The config file might look like
smtp.mailgun.org [email protected]: xxxxxxxxxxxxxxxxxxxxxxxxxxxxxxxx-xxxxxxxx-xxxxxxxx
Lock down the permissions of the credentials file then load it into postfix.
sudo chmod 600 /etc/postfix/sasl_passwd
sudo postmap /etc/postfix/sasl_passwd
Configure domain mapping
sudo nano /etc/postfix/generic
with your domain and your mailgun SMTP server.
@example.com no-reply@[smtp.mailgun.org]:587
then load that into postfix
sudo postmap /etc/postfix/generic
Finally, configure postfix by adding these lines to /etc/postfix/main.cf
(or editing the corresponding lines for any settings that already exist). Replace smtp.mailgun.org
with your mailgun SMTP domain.
sudo nano /etc/postfix/main.cf
relayhost = [smtp.mailgun.org]:587
mydestination = localhost.localdomain, localhost
smtp_sasl_auth_enable = yes
smtp_sasl_password_maps = hash:/etc/postfix/sasl_passwd
smtp_sasl_security_options = noanonymous
smtp_sasl_tls_security_options = noanonymous
smtp_sasl_mechanism_filter = AUTH LOGIN
smtp_tls_note_starttls_offer = yes
smtp_generic_maps = hash:/etc/postfix/generic
Reload this new config into postfix with
sudo systemctl restart postfix
You should be all set up to send mail from your server! To test it’s working, you can send a test email to [email protected]
with the mail
command:
echo "Test message from postfix" | mail -s "Test message" [email protected]

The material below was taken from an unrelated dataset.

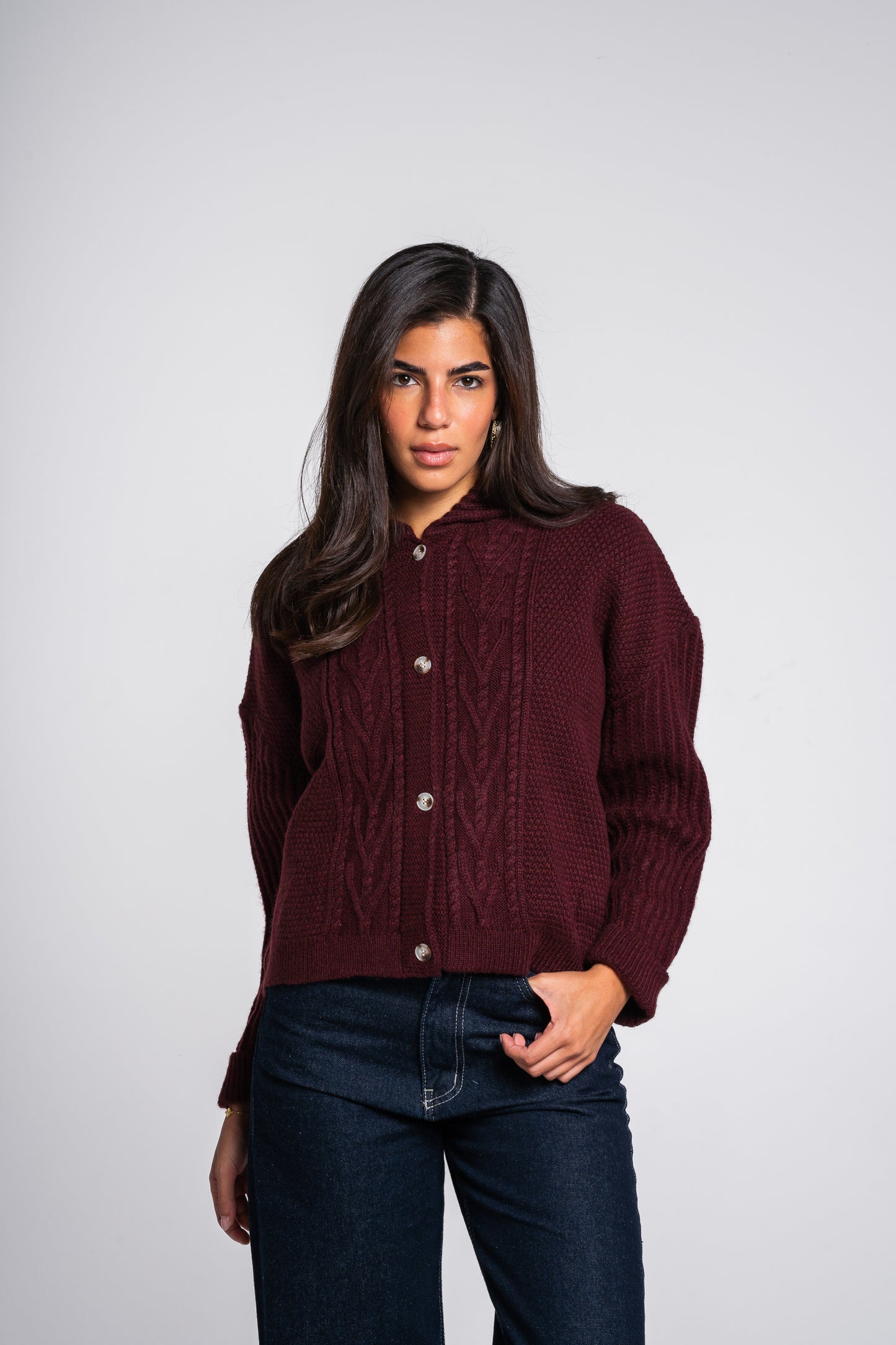 The Woods Cardigan in Burgundy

If you don’t get an email within a few seconds, something’s broken! Check your spam email folder, the Mailgun UI, and logs in /var/loc/mail*
mdadm
Now that we can send email from our server, the next step is to tell our disk monitoring software to use it. We’ll start with mdadm, which monitors the health of your RAID array.
Edit the mdadm config
sudo nano /etc/mdadm/mdadm.conf
and add/modify the MAILADDR
setting to the recipient address alerts should be sent to:
MAILADDR [email protected]
then do a quick test with
mdadm --monitor --test --oneshot /dev/md0
(where /dev/md0
is a RAID array). You should get an email in your [email protected]
inbox.
That’s all you need to do to have mdadm send email notification of any errors found during a check. However, it’s not uncommon for mdadm to be configured incorrectly and not be performing checks! So it’s worth checking regular checks are set up. Unfortunately this depends on your OS, but on Ubuntu 22.04 you can check for an entry under
sudo systemctl list-timers mdcheck_start
smartd
While mdadm will tell you when a disk has failed, there might be advanced warning of this in the disk’s SMART statistics. smartd is a service that can monitor these statistics and alert you if any fall out of compliance.
You may need to install smartmontools first if the smartd
command isn’t found:
sudo apt install smartmontools
Modify the configuration file:
sudo nano /etc/smartd.conf
The file contains lots of commented example configurations, plus potentially an uncommented line beginning with DEVICESCAN
. smartd can only handle a single DEVICESCAN
directive, so comment any existing lines out then add
DEVICESCAN -o on -H -l error -l selftest -t -M test -m [email protected]
This setting will do the following
-o on
: Enable monitoring.-H
: Check SMART attributes for pre-failure conditions.-l error -l selftest
: Check for errors as well as failed test results.-t
: Check changes in SMART attributes.-m [email protected]
: Send email alerts to this address.-M test
: Send a test email when smartd is started.
To test this setup restart the smartd service:
sudo systemctl restart smartd
You should get one email for each disk. You can leave config setting as-is, or remove ` -M test from
/etc/smartd.conf` to get email alerts only for errors (not for service restarts).